MATERIAL TO PROCESS:
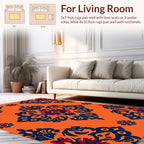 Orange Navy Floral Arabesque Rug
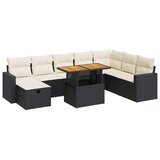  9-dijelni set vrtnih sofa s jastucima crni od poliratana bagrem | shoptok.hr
...
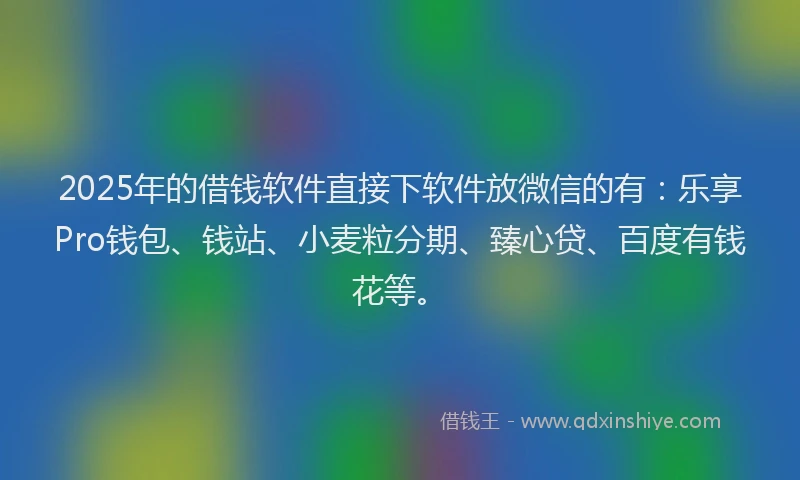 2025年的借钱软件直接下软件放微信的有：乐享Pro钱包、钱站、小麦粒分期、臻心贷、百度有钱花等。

DIRECTIONS FOR THIS TASK:
Although pictures appear among the entries, please set down only the lines from the one with "Orange Navy Floral Arabesque Rug" up to and including the one with "9-dijelni set vrtnih", word for word.

TASK ANSWER:
 Orange Navy Floral Arabesque Rug
  9-dijelni set vrtnih sofa s jastucima crni od poliratana bagrem | shoptok.hr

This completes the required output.